In Terra Santa, le sue parole hanno trovato eco immediata. Il cardinale Pierbattista Pizzaballa, patriarca latino di Gerusalemme, ha guidato una delegazione ecclesiastica dentro la Striscia: un gesto tanto rischioso quanto eloquente. Accanto a lui, il vescovo ausiliare William Shomali ha raccontato che la maggior parte dei cristiani di Gaza ha perso la casa, il lavoro, la memoria stessa della propria quotidianità. “Eppure resistono”, ha detto, e in quelle parole c’è il senso profondo di una Chiesa che non abbandona i suoi fedeli, ma resta con loro anche quando il mondo li considera sacrificabili.

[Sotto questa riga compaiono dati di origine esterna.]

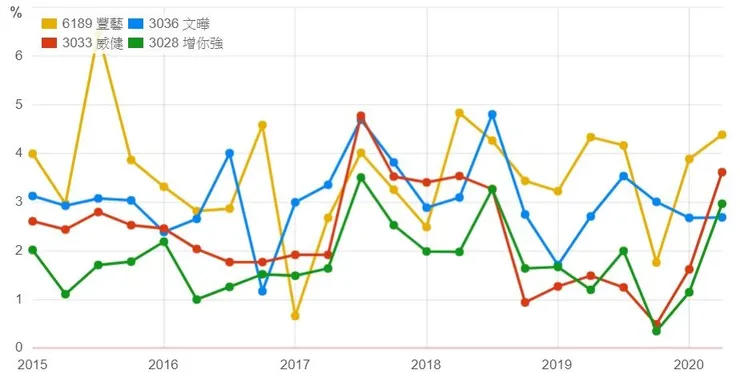 vocus|新世代的創作平台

La parrocchia della Sacra Famiglia a Gaza è diventata simbolo di questa resistenza. Una comunità minuscola – poche decine di cattolici – che oggi ospita centinaia di sfollati, cristiani e musulmani insieme. Il parroco padre Gabriel Romanelli, ferito in un bombardamento, ha scelto di non fuggire. Con lui restano sacerdoti e religiose che curano malati, distribuiscono viveri, garantiscono un tetto. “Non possiamo abbandonare il nostro popolo”, ha detto. Non è solo un atto pastorale: è la forma più radicale di testimonianza, che trasforma la fede in resistenza civile.

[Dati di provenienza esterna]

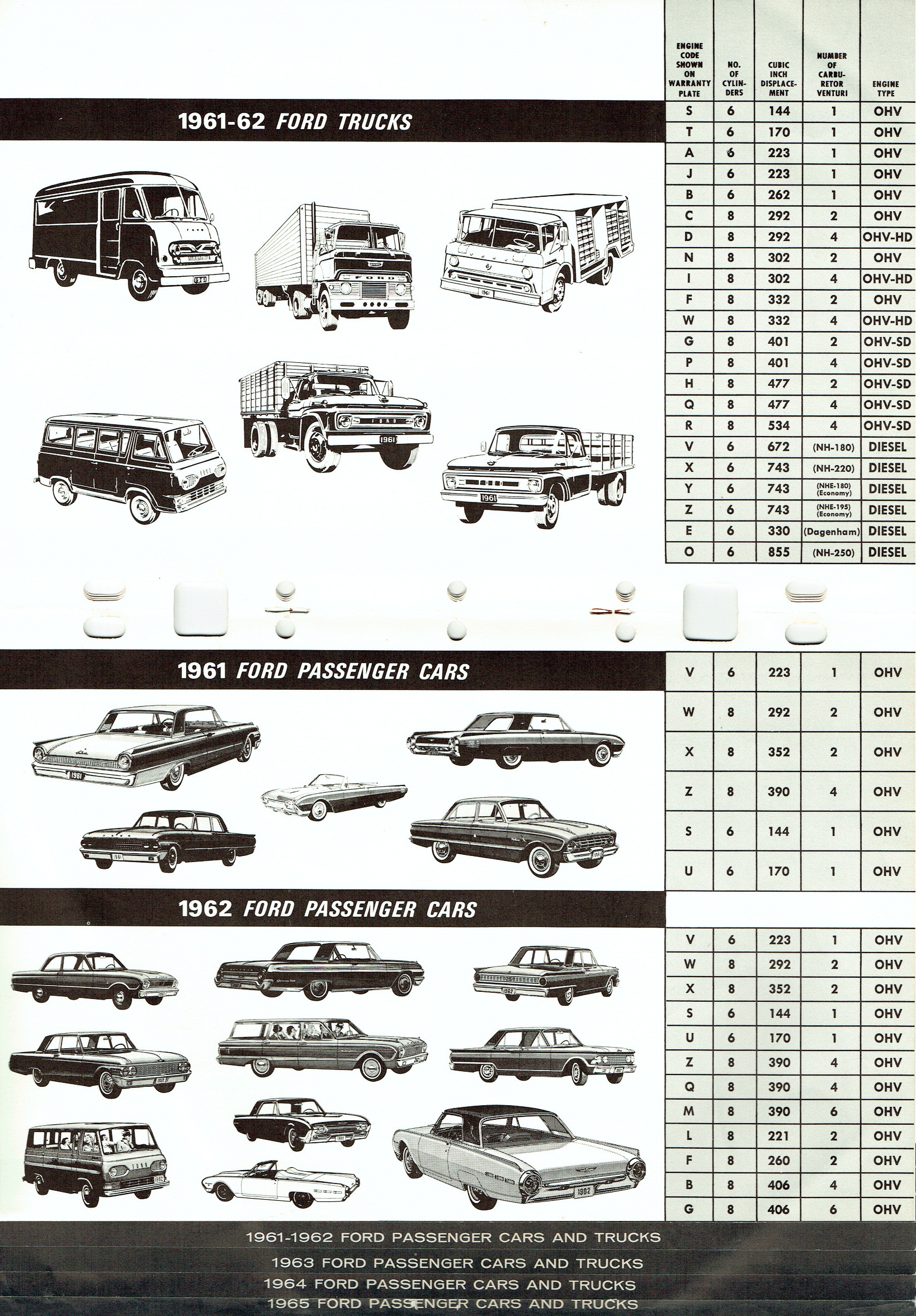 1956-1965_Ford_Model__Engine_ID_Guide-08-09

Le immagini arrivate dalla chiesa latina colpita il 17 luglio, dove trovavano riparo seicento persone tra cui molti bambini, sono diventate il simbolo di un dramma che non risparmia nessuno. Eppure, perfino in mezzo alle macerie, quella comunità continua a celebrare, a pregare, a resistere. Non per eroismo, ma perché questa è la sola scelta possibile quando si prende sul serio il Vangelo.
In Italia, intanto, prende forma un altro volto della Chiesa. È nato il movimento “Preti (e vescovi) contro il genocidio”, promosso da don Rito Maresca. Mille firme in poche settimane. Il loro documento non usa mezzi termini: “Non possiamo tacere davanti a massacri, violenze e violazioni del diritto internazionale”. Non è retorica clericale: è un atto politico e morale, che indica una direzione precisa. Quando una parte così ampia del clero sceglie di esporsi, significa che la coscienza ha superato la prudenza.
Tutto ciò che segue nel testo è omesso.